Didn’t matter. My backpedaling didn’t wash. Ashby started making all these jerky movements, doing his laugh real loud, each heh ping-ponging wall to wall. Anyone inside, they’d hear. Chances were good they’d be unfriendly. So much for waiting.
“Come on,” I told him. “Let’s look for Frank.”
I held the knob, pressed my shoulder to the door, and pushed up and in. I think there are special charges for breaking and entering a police station, but I didn’t remember what they were. As we entered the stairwell, I spoke in as soft a voice as I could manage.

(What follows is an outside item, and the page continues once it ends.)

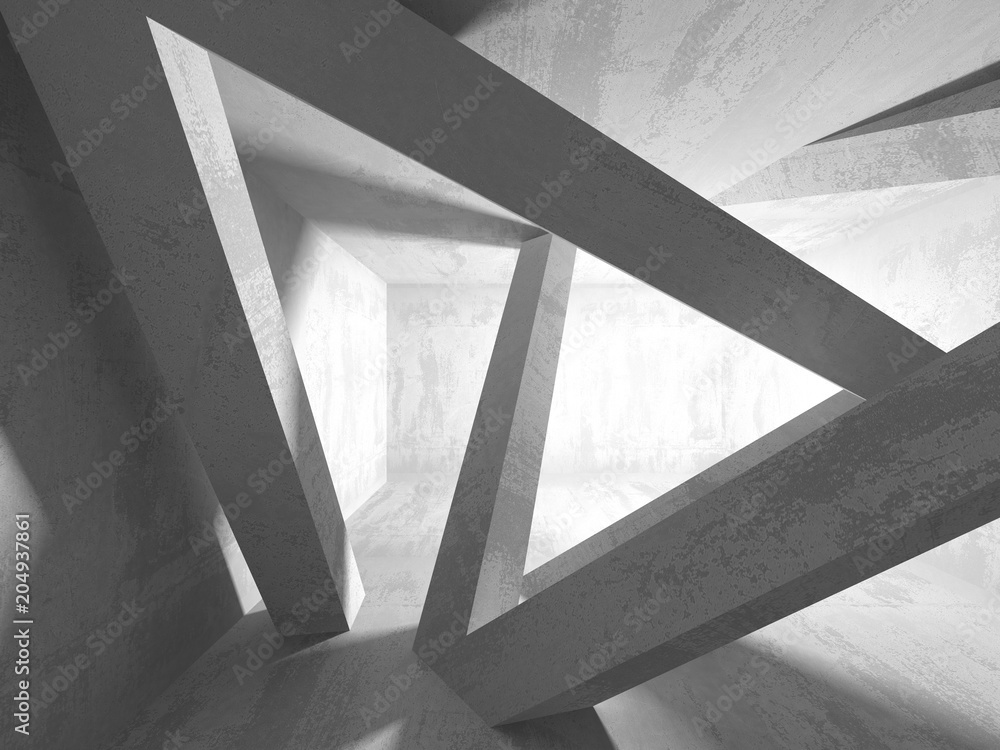 Fototapeta premium Concrete architecture background. Abstract empty dark room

“If anyone’s sleeping we don’t want to wake them up and make them cranky, right? So it’s really important that we be quiet; got it?”
“Heh-heh,” he whispered.
Well, it was something.
It was a quick walk up to the second floor, then down the hall to homicide. The floor plan was open, desks and computers all the way up to the glass door to Booth’s office. It was also completely empty.
My old desk was against the left wall, third up. At least, I thought it was my old desk. Looked awfully clean, compared to the others, and the hole in the wall must’ve been repaired. I doubted they kept it as a memorial to me. More likely they couldn’t afford to hire a replacement.

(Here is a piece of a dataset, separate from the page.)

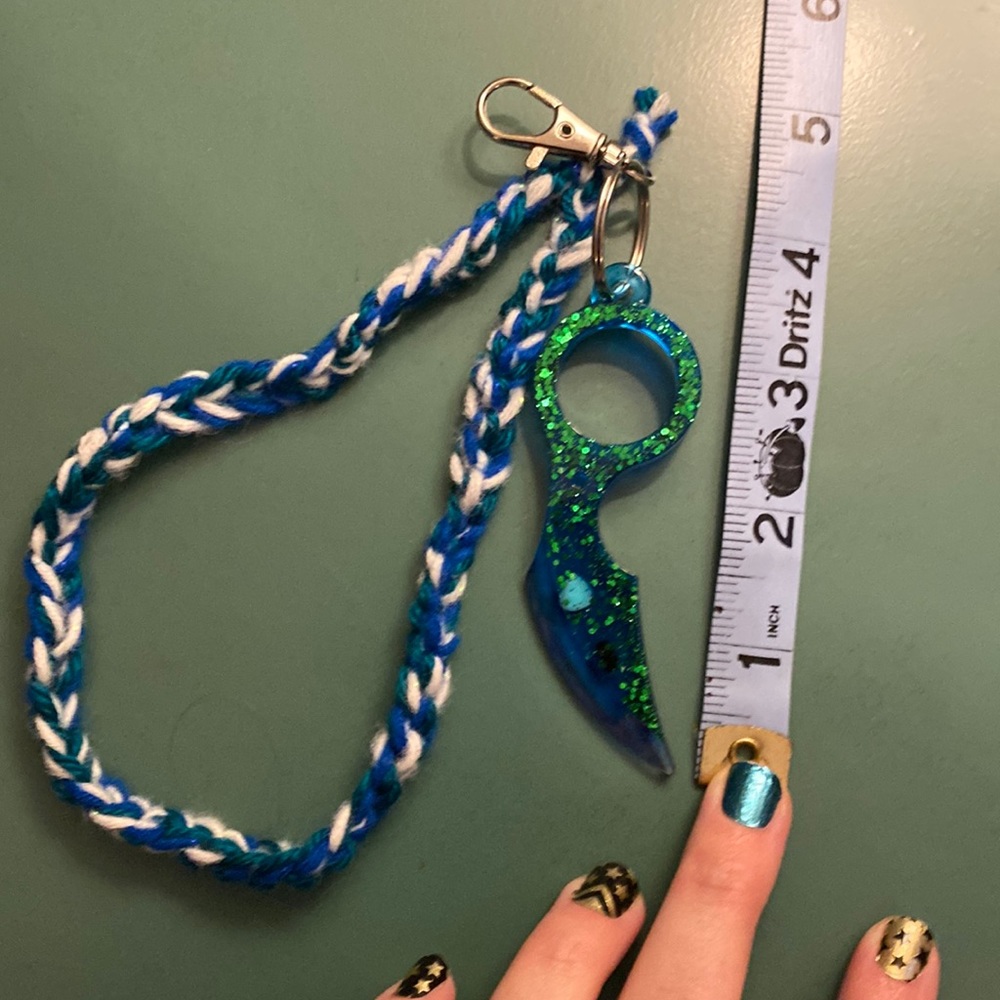 Blue / purple resin self defense keychain with Stones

The computer was on and logged in. Had Haze set it up for me? If I worked fast, we’d be gone long before they extinguished the gas station fire.
Rather than bother with the printer, I handed Ashby my recorder and told him to press the red button whenever I said go . He seemed to warm to the idea of doing something important, so two birds with one stone.

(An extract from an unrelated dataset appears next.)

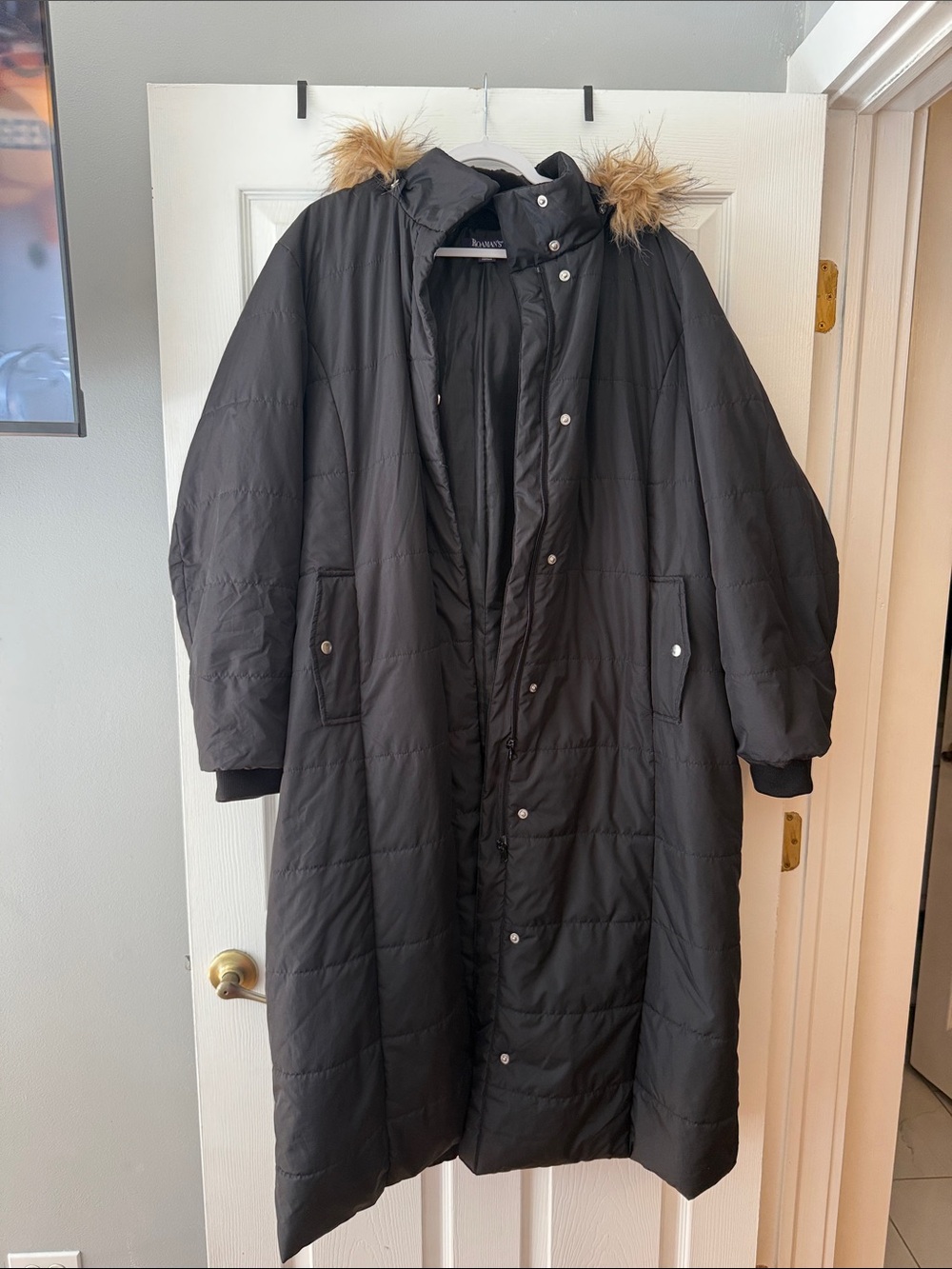 Roaman's Long Puffer Coat with Faux Fur Hood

I hit the keys. With a missing liveblood the best bet for getting some official attention, I started with my client. The name Turgeon turned up nothing, but it wouldn’t unless he had a record. There were always a couple of murders, knife and gunshot wounds, but none matched the baby-egghead description. I thought maybe I could get a license plate for the Humvee, but couldn’t access the traffic cams.
Time to move on. I checked on any chopped chakz found sans head over the last five years. Chak files were originally kept under animal control, along with citizen requests to remove dead dogs and other roadkill. The more conservative types insisted that since we were soulless, godless, and otherwise suspect, that was where we belonged. The bleeding-heart liberals objected. Anything with a face had to have feelings, even garden gnomes. So eventually they compromised and put us under sanitation. That’s politics for you.
A couple of hits came up quick. Nothing as spectacular as the desert cases, no effort made to identify the bodies, and it wasn’t just the heads missing. Could have been Booth’s handiwork, or maybe it just gave him the idea. Still, with Ashby dutifully recording my dulcet croak, I cataloged them all, times and places.
Next I hit the Justice Department records, looking for supposed spouse killers ripped under an RAR after having been exonerated. In the last five years, there were five: me, Frank Boyle, Colin Wilson, and two others: a woman named Nell Parker, who used to be some kinda women’s advocate, and Odell Jenkins, who was, I kid you not, a brain surgeon.
Brain surgeon. That was worth a chuckle. I didn’t expect more than that, but unlike Nell Parker, Jenkins actually had some newer entries. He wasn’t a surgeon anymore, but he was a real rarity, a chak in good enough shape to get a job. He had a regular gig with Hammer Rejuvenations, LLC, a remediation company that did toxic-site cleanup. Made sense. If Jenkins was smart enough to tell asbestos from drywall, they could send him in without so much as a hazmat suit. Save on insurance, too. Lots of toxic sites in Fort Hammer to keep him busy.